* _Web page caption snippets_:
============================================================

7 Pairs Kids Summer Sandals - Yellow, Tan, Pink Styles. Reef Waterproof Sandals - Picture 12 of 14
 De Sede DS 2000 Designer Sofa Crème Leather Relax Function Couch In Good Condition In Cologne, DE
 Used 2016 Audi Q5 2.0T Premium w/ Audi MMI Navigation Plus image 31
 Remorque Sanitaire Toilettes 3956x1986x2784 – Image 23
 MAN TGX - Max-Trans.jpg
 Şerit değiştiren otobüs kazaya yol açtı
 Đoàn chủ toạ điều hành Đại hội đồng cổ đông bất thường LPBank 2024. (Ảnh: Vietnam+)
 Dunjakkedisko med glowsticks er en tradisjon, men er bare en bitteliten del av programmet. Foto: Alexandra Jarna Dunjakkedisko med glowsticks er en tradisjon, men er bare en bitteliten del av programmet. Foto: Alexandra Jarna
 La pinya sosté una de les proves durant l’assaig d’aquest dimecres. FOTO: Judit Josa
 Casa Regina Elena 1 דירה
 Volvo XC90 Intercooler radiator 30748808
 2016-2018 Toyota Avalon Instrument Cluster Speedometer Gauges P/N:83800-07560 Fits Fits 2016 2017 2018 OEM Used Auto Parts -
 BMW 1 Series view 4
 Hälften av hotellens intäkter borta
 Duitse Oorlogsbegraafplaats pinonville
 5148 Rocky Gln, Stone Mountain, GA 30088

============================================================

* _What you need to do_: Please return exactly the lines from the opening line of the data above through the line with "Remorque Sanitaire Toilettes", both included and nothing else.

* _Answer below_:
7 Pairs Kids Summer Sandals - Yellow, Tan, Pink Styles. Reef Waterproof Sandals - Picture 12 of 14
 De Sede DS 2000 Designer Sofa Crème Leather Relax Function Couch In Good Condition In Cologne, DE
 Used 2016 Audi Q5 2.0T Premium w/ Audi MMI Navigation Plus image 31
 Remorque Sanitaire Toilettes 3956x1986x2784 – Image 23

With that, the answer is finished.